Hedges, a PhD student, had reportedly been in the UAE to research his thesis when he was arrested at the Dubai airport for allegedly spying for the British government. At the press conference, Hedges detailed his experience of being held in solitary confinement for seven months by the UAE.
While in detention, Hedges said he also faced other abuse, such as being forced to take “upper” and “downer” drugs to stay awake and only having access to a lawyer for five minutes the day before his defence hearing.
“We’re lucky to be here and to be able to speak out as survivors,” he said.
Ahmed, another British citizen, also shared his testimony. He travelled to Abu Dhabi for a football match before being arrested by UAE police on the pretence that he was wearing a pro-Qatar football t-shirt. Ahmed said in detention he was beaten, electrocuted, stabbed and interrogated days and nights, denied food or water, and was not able to contact anyone.

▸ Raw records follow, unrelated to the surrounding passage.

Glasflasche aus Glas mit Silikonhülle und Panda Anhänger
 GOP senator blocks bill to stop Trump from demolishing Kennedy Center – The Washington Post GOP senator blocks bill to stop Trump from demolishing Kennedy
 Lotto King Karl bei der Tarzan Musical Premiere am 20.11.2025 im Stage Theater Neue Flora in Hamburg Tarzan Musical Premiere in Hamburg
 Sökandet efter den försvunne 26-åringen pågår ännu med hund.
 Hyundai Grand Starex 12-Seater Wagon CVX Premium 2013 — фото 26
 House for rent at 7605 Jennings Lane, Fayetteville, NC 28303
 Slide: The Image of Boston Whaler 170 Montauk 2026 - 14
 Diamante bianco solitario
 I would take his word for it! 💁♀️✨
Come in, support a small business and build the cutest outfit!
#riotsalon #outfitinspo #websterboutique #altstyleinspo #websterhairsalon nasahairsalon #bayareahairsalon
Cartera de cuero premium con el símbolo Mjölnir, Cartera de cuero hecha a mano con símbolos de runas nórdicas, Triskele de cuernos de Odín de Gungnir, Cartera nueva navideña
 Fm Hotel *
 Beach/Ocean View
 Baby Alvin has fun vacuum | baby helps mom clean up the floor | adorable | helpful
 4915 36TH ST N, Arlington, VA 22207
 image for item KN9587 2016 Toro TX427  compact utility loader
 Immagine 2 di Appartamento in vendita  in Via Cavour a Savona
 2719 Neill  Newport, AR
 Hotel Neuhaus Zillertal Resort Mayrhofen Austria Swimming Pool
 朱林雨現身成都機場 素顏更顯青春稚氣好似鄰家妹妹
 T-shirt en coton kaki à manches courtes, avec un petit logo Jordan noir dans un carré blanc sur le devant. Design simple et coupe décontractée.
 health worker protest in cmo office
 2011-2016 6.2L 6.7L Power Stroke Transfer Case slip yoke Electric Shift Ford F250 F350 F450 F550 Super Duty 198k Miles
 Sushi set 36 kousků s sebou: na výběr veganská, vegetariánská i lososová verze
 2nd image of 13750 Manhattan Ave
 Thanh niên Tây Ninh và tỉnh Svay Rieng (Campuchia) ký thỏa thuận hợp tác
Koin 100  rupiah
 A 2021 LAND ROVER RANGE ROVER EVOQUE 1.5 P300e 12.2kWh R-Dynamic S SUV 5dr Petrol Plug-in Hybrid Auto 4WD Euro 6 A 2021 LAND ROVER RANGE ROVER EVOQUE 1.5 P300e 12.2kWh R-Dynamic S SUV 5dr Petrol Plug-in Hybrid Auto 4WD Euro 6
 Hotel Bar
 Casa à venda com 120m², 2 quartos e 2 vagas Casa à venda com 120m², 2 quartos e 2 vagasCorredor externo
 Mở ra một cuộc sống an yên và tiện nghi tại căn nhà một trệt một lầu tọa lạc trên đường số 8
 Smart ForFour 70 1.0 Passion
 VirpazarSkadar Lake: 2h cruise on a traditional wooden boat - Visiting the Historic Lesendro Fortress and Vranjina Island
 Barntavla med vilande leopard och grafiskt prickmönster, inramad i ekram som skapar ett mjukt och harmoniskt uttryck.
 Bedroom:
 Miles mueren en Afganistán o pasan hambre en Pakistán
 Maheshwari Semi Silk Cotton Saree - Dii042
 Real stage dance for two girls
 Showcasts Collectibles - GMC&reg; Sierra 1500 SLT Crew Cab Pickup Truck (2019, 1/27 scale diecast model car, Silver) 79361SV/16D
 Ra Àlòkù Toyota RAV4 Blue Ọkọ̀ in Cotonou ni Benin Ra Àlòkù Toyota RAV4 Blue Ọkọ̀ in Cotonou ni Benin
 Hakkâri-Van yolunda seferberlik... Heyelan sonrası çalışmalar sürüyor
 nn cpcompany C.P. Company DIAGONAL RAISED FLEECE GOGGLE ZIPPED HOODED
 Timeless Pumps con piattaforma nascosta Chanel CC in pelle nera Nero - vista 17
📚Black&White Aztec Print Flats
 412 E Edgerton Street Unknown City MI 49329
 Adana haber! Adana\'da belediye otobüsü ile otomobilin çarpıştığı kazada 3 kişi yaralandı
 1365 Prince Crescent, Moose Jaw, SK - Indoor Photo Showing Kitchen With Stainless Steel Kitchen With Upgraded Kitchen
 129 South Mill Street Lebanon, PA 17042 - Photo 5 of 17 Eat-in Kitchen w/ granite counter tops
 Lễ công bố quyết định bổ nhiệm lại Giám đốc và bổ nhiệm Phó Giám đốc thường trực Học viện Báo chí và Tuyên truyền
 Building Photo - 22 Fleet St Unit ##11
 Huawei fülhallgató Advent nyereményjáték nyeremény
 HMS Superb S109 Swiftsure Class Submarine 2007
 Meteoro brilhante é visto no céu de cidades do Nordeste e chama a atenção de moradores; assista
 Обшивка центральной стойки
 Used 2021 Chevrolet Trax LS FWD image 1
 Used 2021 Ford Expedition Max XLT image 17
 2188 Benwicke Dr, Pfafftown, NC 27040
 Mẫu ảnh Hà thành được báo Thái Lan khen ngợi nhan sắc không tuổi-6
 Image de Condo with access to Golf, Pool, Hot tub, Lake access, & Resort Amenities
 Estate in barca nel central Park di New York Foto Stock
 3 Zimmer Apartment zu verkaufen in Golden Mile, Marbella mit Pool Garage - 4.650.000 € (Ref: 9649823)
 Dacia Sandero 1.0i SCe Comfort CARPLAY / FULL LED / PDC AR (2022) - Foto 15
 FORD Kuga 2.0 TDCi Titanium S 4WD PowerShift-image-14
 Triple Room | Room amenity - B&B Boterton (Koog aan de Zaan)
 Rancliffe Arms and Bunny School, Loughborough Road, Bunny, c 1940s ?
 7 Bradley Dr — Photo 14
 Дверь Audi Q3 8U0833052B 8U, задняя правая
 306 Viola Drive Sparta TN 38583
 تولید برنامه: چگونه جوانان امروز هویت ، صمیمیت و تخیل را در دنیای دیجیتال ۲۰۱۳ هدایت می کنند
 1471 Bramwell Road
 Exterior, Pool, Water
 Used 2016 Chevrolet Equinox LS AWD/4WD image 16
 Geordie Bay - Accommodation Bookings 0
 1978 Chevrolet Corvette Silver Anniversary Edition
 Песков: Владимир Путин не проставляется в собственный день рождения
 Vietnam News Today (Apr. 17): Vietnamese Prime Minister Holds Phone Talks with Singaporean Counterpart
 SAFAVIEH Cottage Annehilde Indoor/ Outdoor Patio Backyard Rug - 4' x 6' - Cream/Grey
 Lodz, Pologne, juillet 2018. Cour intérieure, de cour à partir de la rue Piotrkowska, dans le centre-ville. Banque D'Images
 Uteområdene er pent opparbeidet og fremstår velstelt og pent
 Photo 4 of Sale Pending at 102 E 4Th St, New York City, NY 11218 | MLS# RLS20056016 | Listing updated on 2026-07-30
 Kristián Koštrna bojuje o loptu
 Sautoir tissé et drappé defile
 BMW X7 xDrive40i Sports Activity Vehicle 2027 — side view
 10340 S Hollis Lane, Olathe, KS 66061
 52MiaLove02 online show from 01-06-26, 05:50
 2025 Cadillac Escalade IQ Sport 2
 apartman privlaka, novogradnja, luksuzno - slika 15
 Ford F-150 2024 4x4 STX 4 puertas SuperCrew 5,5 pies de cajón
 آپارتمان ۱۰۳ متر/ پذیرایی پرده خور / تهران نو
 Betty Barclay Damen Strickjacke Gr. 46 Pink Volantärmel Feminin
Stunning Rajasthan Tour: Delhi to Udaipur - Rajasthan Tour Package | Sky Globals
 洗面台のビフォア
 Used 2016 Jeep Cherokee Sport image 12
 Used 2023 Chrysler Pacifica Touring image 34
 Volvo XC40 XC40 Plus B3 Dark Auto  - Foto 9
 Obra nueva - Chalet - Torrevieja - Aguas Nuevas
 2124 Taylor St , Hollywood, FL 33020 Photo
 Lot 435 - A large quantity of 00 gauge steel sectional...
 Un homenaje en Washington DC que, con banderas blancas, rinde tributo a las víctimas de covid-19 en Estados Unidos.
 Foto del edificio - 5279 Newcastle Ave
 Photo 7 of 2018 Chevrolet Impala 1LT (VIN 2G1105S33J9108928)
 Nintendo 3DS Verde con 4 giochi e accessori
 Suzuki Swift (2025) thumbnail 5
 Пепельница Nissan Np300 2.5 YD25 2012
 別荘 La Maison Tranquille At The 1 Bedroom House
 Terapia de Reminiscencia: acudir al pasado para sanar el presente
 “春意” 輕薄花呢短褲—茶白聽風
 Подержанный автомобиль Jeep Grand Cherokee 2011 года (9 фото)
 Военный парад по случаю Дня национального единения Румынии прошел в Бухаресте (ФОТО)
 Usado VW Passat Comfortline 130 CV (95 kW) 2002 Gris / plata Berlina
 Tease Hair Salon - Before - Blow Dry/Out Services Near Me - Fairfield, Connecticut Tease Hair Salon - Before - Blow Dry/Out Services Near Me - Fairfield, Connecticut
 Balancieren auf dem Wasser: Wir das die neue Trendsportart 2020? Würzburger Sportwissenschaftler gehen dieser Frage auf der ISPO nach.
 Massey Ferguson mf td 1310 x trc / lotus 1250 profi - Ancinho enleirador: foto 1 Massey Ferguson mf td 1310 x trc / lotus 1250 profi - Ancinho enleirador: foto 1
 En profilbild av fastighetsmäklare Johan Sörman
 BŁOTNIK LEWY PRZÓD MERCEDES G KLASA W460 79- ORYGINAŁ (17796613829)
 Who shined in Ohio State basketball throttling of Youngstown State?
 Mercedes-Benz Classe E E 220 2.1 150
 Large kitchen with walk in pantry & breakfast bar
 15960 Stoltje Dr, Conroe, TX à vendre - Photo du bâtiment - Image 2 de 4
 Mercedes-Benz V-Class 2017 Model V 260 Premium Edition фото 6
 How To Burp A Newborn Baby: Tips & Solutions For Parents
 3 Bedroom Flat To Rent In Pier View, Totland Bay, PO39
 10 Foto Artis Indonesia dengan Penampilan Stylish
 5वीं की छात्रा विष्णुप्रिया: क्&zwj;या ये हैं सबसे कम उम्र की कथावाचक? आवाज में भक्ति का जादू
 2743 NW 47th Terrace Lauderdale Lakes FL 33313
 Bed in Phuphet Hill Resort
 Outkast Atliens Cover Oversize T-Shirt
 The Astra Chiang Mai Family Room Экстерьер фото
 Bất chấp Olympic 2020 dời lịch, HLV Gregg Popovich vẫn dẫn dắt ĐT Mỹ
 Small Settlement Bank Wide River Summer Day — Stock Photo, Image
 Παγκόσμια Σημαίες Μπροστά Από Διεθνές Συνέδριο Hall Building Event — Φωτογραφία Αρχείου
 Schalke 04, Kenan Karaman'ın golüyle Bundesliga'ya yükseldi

Ahmed also said he was not able to receive privacy with a lawyer, and upon finally being released a month later, he was sent off in the night without his passport, bank cards or other personal items.
A third victim, Naji Hamdan, spoke to journalists about the brutal torture he endured 12 years ago. He said in detention he was beaten on the soles of his feet so badly that he could not walk for two weeks, and would often pass out due to the beatings.
A new report from MENA Rights Group, a Geneva legal advocacy NGO specialising in the Middle East and North Africa region, and the Emirates Detainees Advocacy Center explores widescale abuses in the UAE and takes a harsh look at its current legal system. The report has been submitted to the UN Committee Against Torture.
The current UAE system allows for torture to occur unchecked, from the moment people are arrested to beyond the limits of their sentences. According to the report, the UAE’s state security apparatus (SSA) is known to arrest people “without a warrant” and by “taking them to an undisclosed place, where they are detained incommunicado for long periods of time, sometimes lasting several months.”
Barboza illustrated the ways in which the legal framework is broken; people who are arrested do not have access to a lawyer until trial, and even then, there is no guarantee of a lawyer if someone cannot afford one. People are often detained on unfounded claims of terrorism.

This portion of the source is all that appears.